After rebooting I tried running the game from a link on the desktop, I then got an access denied error box (picture below) and was unable to load the game at all. Since then I have un-installed and re-installed several times. I have tried deleting all temp files, updating and running AVG 7.5, Spybot, adaware SE and RegCleaner before installation but still get the error box. This happens whether I try to run it from the desktop icon or from the autorun menu after inserting the disc.

The game is original and the keys are not banned by punkbuster, I was using the game on my Dell a few days ago, however it's developed a fault that Dell TS are trying to help me with.

Any ideas?


----------



## pharoah (Aug 28, 2006)

have a run through the follow these steps first link in my sig.if nothing there helps post back.


----------



## brduk (Jun 17, 2005)

Hi,

Thanks for the response, I can confirm all 9 steps have been taken.


----------



## pharoah (Aug 28, 2006)

have you done all your windows updates.i know some games rely on the newer version of the windows installer,and some of the newer dot net features.alot of drivers need the newer dot net features as well.


----------



## brduk (Jun 17, 2005)

I think you may have struck on the problem with your suggestion below, I currently have another thread running on TSF with regards to windows update issues, it can be seen here

There are 2 updates which cannot be completed, these are KB922582 and CAPICOM KB931906 (pictured below)
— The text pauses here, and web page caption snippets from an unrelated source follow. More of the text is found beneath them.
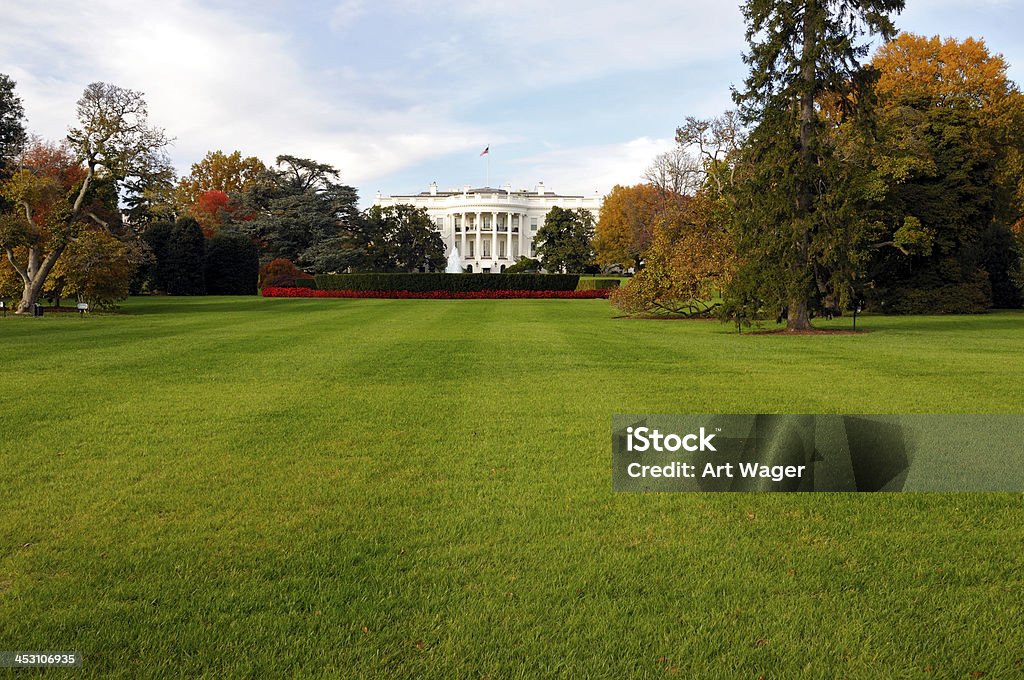 Das White House - Lizenzfrei Weißes Haus Stock-Foto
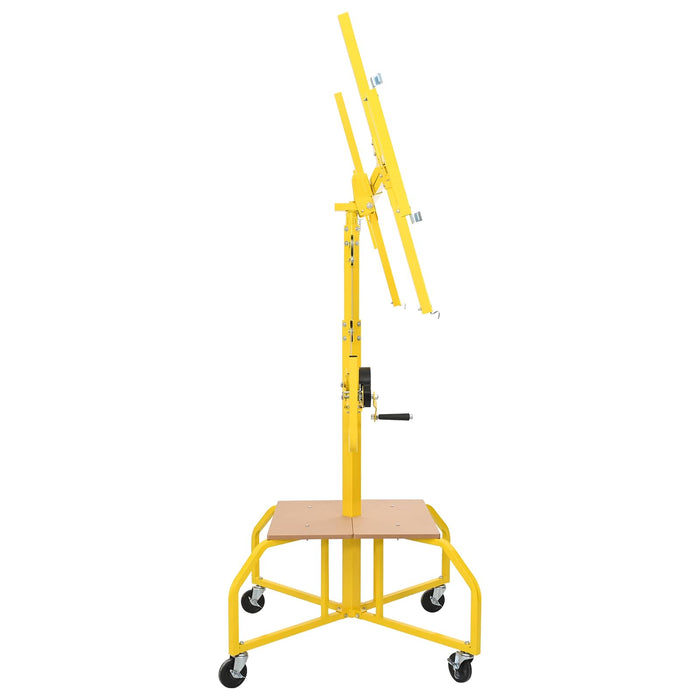 Ridicător de gipscarton Manual Galben 300 x 107 x 330 cm Oțel - WALTI WALTI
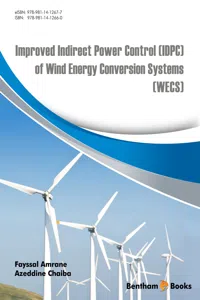 Improved Indirect Power Control of Wind Energy Conversion Systems_cover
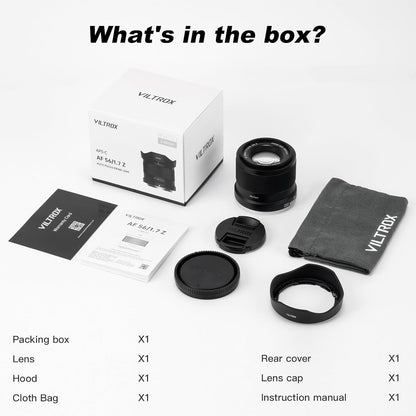 Viltrox 56mm f/1.7 Air for Nikon Z mount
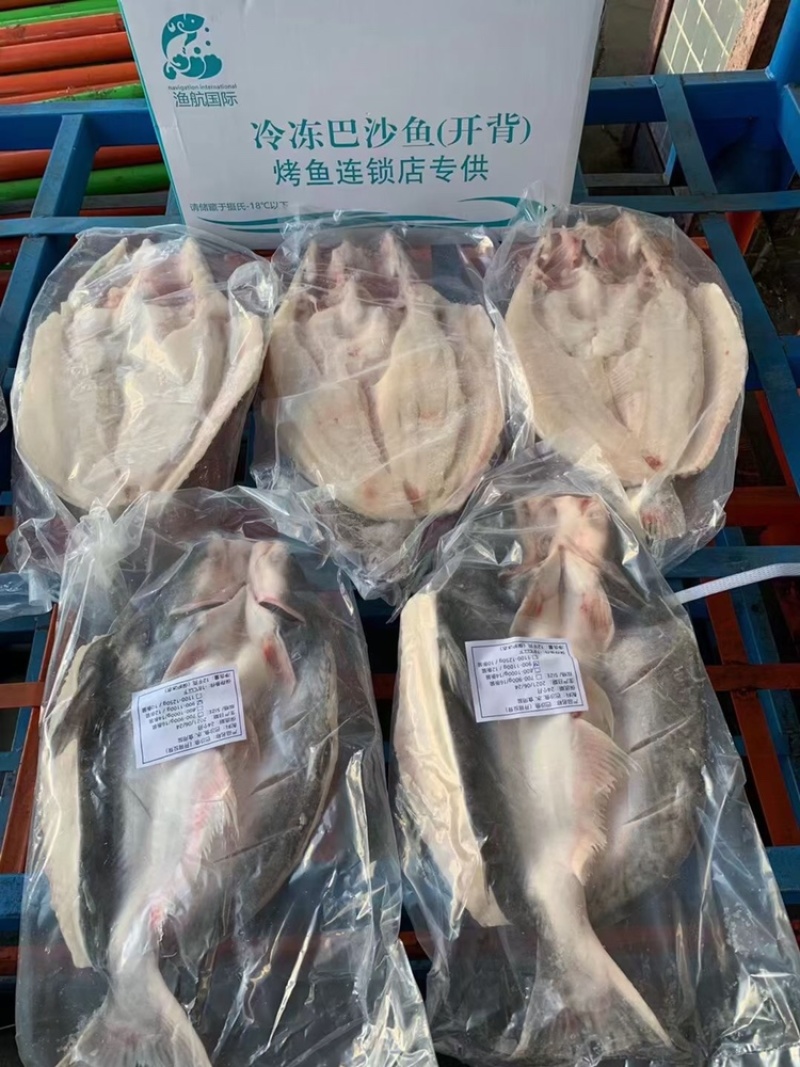 越南进口开背巴沙鱼，全规格现货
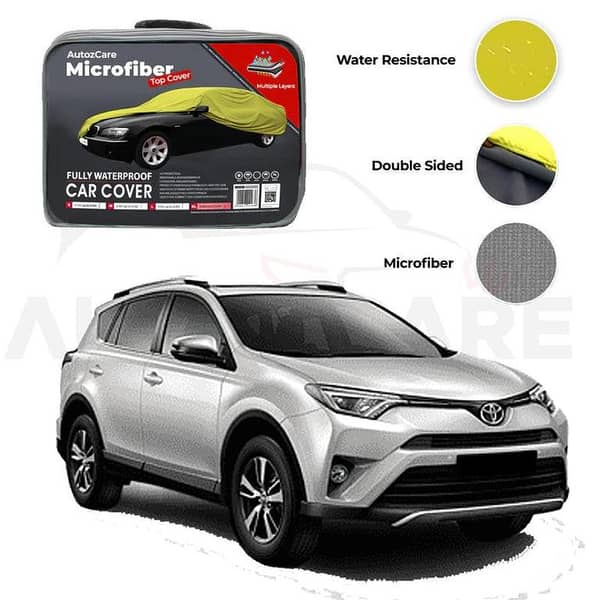 Toyota Rav4 Microfiber Top Cover Model 2005-2018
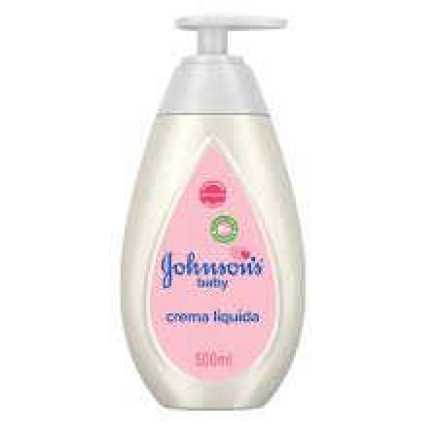JOHNSON'S BABY CREMA LIQ.500ML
It seems that as I posted my HijackThis log (attempting to pre-empt the request) my post has been moved from the XP support forum to another section of the forums, as thought the checking of my log was my initial intention, which it was'nt, but hey it's a free help site (which has provided me with much assistance in the past) so I can't complain at all.

Thanks for your interest so far, much appreciated, any further input would be most welcome.



pharoah said:


> have you done all your windows updates.i know some games rely on the newer version of the windows installer,and some of the newer dot net features.alot of drivers need the newer dot net features as well.


----------